SEC. 57-30-3. Creation of Sales Tax Incentive Fund; incentive payments.
(1) (a) There is created in the State Treasury a special fund to be known as the "Sales Tax Incentive Fund," into which shall be deposited such money as provided in Section 27-65-75(16). The monies in the fund shall be used for the purpose of making the incentive payments authorized in this section. The fund shall be administered by the MDA. Unexpended amounts remaining in the fund at the end of a fiscal year shall not lapse into the General Fund, and any interest earned on or investment earnings on the amounts in the fund shall be deposited to the credit of the fund. The MDA may use not more than one percent (1%) of interest earned or investment earnings, or both, on amounts in the fund for administration and management of the incentive program.

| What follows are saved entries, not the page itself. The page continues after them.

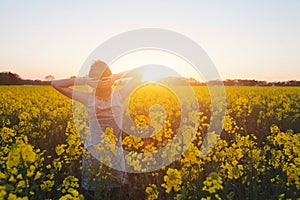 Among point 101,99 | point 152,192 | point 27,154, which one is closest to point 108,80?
point 101,99

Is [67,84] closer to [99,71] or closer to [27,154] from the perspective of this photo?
[99,71]

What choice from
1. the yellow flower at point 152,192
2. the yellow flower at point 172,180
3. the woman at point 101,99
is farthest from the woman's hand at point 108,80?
the yellow flower at point 172,180

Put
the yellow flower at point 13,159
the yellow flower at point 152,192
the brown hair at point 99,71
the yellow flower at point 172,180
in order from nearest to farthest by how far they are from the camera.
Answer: the yellow flower at point 13,159
the yellow flower at point 172,180
the yellow flower at point 152,192
the brown hair at point 99,71

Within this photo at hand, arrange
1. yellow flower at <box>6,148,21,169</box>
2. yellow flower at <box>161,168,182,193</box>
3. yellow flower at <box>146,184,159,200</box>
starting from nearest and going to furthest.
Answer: yellow flower at <box>6,148,21,169</box>
yellow flower at <box>161,168,182,193</box>
yellow flower at <box>146,184,159,200</box>

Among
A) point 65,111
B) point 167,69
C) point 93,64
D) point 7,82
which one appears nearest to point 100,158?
point 93,64

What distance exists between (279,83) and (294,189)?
185ft

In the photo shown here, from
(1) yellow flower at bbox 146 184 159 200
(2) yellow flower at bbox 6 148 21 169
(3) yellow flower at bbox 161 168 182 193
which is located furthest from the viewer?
(1) yellow flower at bbox 146 184 159 200

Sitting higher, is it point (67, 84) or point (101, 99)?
point (67, 84)

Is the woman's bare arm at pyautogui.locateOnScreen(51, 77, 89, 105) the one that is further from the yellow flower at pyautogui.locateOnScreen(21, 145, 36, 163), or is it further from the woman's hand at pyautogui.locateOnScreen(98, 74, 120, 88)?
the yellow flower at pyautogui.locateOnScreen(21, 145, 36, 163)

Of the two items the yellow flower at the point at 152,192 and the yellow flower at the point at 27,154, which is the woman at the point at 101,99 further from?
the yellow flower at the point at 27,154

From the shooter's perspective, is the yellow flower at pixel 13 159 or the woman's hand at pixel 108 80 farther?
the woman's hand at pixel 108 80

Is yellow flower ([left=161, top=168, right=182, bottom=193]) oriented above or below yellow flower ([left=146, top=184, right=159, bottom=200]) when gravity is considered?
above

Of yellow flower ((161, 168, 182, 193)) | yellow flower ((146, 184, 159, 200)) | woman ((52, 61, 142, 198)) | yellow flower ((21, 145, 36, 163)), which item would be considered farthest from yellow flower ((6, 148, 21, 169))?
woman ((52, 61, 142, 198))

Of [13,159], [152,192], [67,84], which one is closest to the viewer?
[13,159] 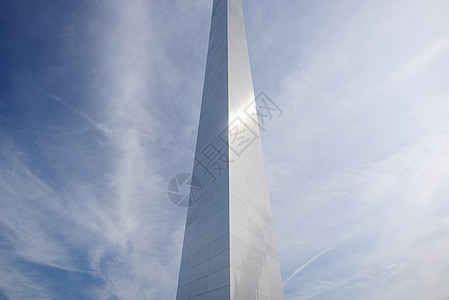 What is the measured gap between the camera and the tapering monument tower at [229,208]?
10.1 metres

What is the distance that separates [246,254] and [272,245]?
12.9 feet

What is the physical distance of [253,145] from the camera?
1773 centimetres

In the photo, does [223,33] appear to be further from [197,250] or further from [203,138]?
[197,250]

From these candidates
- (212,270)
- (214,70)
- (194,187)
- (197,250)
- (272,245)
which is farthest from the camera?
(214,70)

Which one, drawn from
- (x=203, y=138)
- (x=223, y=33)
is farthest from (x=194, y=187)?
(x=223, y=33)

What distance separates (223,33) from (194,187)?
18313 millimetres

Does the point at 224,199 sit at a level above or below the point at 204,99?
below

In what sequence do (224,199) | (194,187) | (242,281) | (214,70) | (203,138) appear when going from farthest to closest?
(214,70), (203,138), (194,187), (224,199), (242,281)

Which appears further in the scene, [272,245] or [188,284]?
[272,245]

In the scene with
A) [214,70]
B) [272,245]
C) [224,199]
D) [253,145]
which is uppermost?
[214,70]

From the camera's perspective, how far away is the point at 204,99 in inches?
878

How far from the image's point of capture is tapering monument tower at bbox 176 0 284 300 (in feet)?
33.1

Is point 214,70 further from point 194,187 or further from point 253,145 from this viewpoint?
point 194,187

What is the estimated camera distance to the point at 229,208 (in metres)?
11.1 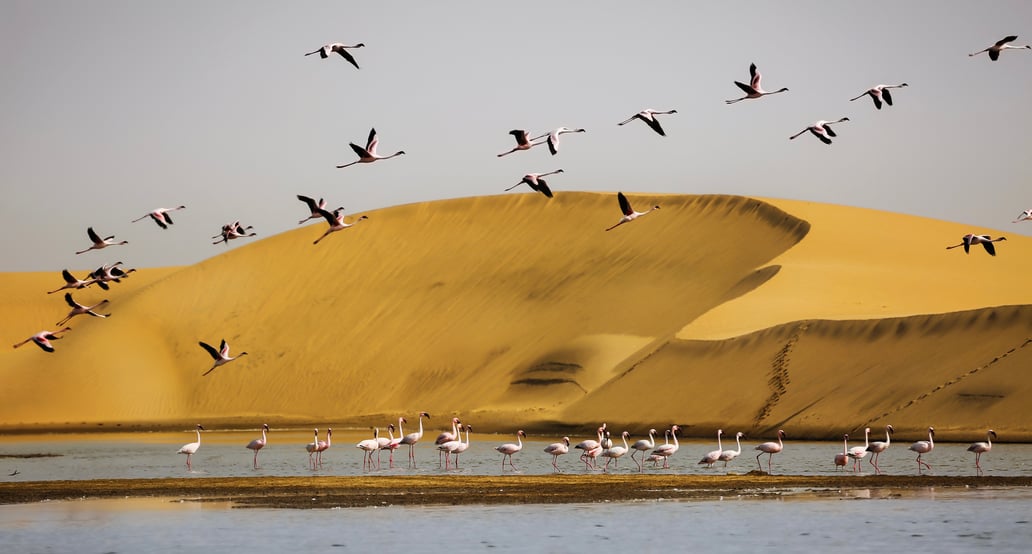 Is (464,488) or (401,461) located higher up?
(401,461)

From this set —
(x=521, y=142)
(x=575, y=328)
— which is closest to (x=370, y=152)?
(x=521, y=142)

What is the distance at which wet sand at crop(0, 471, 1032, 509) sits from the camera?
3297 cm

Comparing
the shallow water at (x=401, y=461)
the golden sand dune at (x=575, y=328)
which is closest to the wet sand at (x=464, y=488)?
the shallow water at (x=401, y=461)

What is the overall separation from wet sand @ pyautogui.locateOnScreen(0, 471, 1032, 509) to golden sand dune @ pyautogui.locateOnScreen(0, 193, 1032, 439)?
1810 centimetres

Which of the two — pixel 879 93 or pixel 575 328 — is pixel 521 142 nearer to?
pixel 879 93

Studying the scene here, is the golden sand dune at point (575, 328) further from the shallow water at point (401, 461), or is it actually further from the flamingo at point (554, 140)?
the flamingo at point (554, 140)

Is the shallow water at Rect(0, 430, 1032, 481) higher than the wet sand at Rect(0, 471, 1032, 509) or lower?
higher

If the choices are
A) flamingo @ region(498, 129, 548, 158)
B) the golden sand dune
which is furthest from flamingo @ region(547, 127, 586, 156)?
the golden sand dune

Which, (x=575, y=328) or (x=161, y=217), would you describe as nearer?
(x=161, y=217)

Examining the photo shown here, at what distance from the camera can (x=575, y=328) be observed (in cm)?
8550

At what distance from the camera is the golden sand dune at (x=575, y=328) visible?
58750 mm

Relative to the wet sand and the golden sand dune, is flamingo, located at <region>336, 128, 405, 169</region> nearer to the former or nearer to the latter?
the wet sand

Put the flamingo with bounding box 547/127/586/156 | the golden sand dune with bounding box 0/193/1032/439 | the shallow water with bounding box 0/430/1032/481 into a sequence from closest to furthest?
the flamingo with bounding box 547/127/586/156 < the shallow water with bounding box 0/430/1032/481 < the golden sand dune with bounding box 0/193/1032/439

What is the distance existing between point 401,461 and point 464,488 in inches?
550
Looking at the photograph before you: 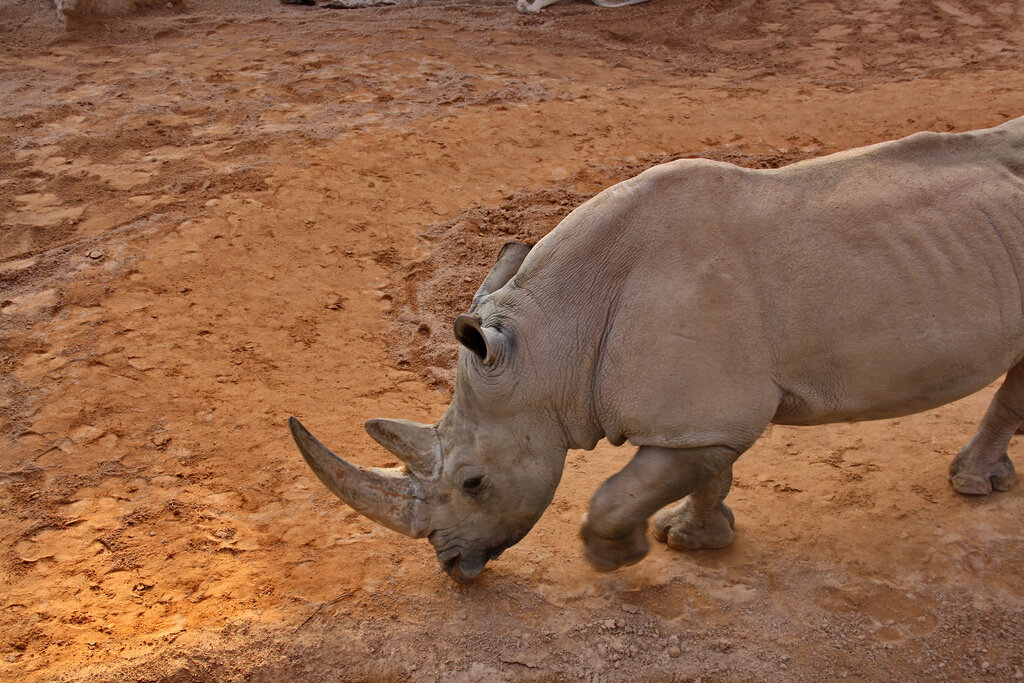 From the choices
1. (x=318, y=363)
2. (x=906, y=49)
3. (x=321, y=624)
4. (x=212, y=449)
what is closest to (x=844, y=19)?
(x=906, y=49)

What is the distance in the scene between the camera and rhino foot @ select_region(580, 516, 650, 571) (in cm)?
364

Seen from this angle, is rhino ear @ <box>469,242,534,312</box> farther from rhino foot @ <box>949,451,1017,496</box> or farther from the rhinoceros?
rhino foot @ <box>949,451,1017,496</box>

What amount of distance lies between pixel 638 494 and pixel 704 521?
A: 3.19 feet

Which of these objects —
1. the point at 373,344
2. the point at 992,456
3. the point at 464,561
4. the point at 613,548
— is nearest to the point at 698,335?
the point at 613,548

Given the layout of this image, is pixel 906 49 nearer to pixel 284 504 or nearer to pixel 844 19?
pixel 844 19

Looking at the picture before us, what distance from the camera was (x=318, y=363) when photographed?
655 centimetres

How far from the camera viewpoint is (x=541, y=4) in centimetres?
1437

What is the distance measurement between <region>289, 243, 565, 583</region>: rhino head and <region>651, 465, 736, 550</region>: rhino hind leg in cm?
86

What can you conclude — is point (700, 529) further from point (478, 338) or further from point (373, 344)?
point (373, 344)

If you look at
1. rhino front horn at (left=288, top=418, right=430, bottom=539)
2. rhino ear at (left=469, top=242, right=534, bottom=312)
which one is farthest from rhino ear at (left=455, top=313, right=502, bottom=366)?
rhino front horn at (left=288, top=418, right=430, bottom=539)

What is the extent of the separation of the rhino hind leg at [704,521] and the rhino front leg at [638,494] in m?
0.65

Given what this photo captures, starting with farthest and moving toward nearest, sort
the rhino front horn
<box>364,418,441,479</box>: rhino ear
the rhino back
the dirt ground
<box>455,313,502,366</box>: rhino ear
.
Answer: the dirt ground < <box>364,418,441,479</box>: rhino ear < the rhino front horn < the rhino back < <box>455,313,502,366</box>: rhino ear

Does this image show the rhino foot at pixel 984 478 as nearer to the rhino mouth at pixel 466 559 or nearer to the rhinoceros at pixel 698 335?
the rhinoceros at pixel 698 335

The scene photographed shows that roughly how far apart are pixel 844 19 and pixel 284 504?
12.3 meters
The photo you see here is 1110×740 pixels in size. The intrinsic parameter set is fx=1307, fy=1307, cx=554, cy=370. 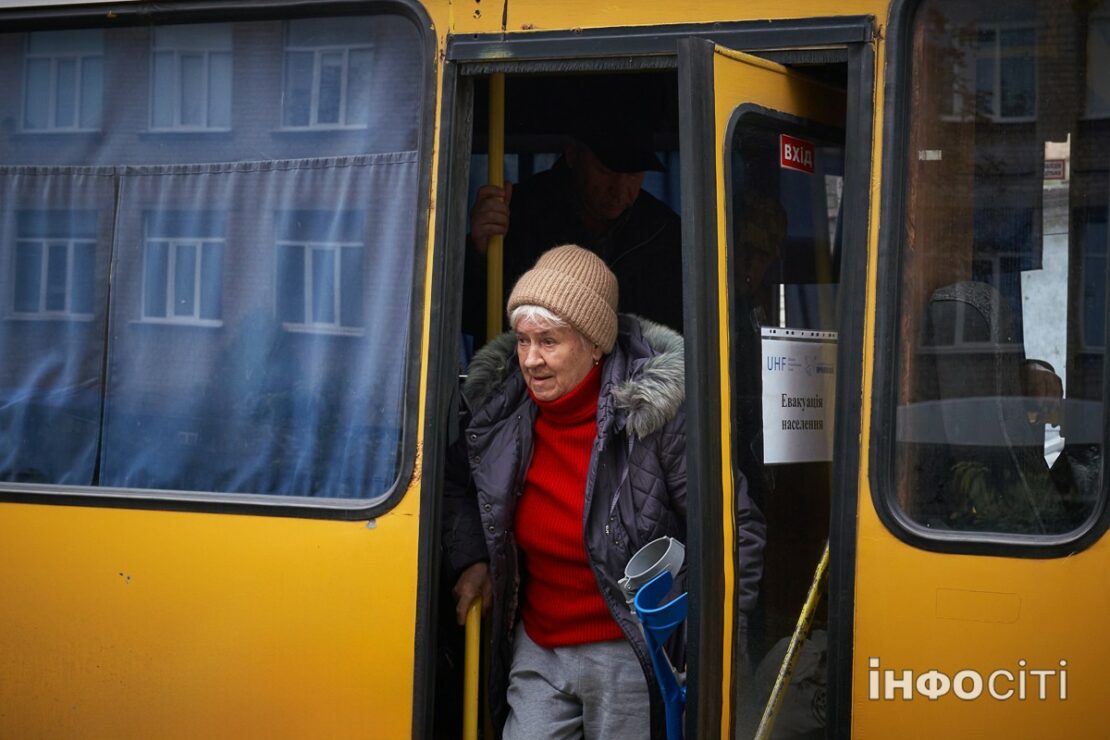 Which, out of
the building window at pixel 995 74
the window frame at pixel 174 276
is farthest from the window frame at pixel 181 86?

(b) Subject to the provisions of this section, incentive payments may be made by the MDA to an approved participant that incurs indebtedness or incurs capital costs, or both, to locate a project in the state. The payments to an approved participant shall be for the amount of sales tax revenue collected on the gross proceeds of sales of a project, after making the diversions required in Section 27-65-75, except the diversion provided for in Section 27-65-75(1). The MDA shall ensure that payments made pursuant to this section are utilized to pay the debt service incurred by the approved participant for the project as approved by the MDA or any project capital cost incurred by the approved participant for the project as approved by the MDA, or both. The MDA shall make payments to an approved participant on a semiannual basis with payments being made in the months of January and July. For the purposes of determining the amount of indebtedness or project capital costs, or both, incurred for any ancillary business, as described in Section 57-30-1(c), which is eligible for incentive payments under this section, the amount of such indebtedness or project capital costs, or both, shall be limited to an amount not greater than the indebtedness or project capital costs, or both, incurred for the primary project. The aggregate amount that an approved participant may receive shall not exceed thirty-five percent (35%) of the portion of the original indebtedness that is funded from private sources or project capital cost that is funded from private sources, or both, incurred by such participant for the project. The MDA shall make the calculations necessary to make the payments provided for in this section. The MDA shall cease making incentive payments to an approved participant on the occurrence of the earlier of (i) the date thirty-five percent (35%) of theportion of theoriginal indebtednessthat is funded from private sources, or any refinancing of theportion of theoriginal indebtednessthat is funded from private sources, incurred for the project or the portion of the original project capital cost that is funded from private sources incurred for the project, or both, is satisfied, (ii) ten (10) years from the date the original indebtedness for the project was incurred, without regard to any refinancing or additional financing for any addition to or expansion of the project, or (iii) the project ceases operations.
(2) At such time as payments are no longer required to be made to an approved participant, the MDA shall notify the State Tax Commission and the sales tax revenue collected from such project shall no longer be deposited into the Sales Tax Incentive Fund, and any amounts remaining in the fund that were collected from such participant shall be transferred to the State General Fund; * * * however, if the project is located in a municipality, a portion of such amount shall be paid to such municipality in the same manner and amounts as provided for in Section 27-65-75(1).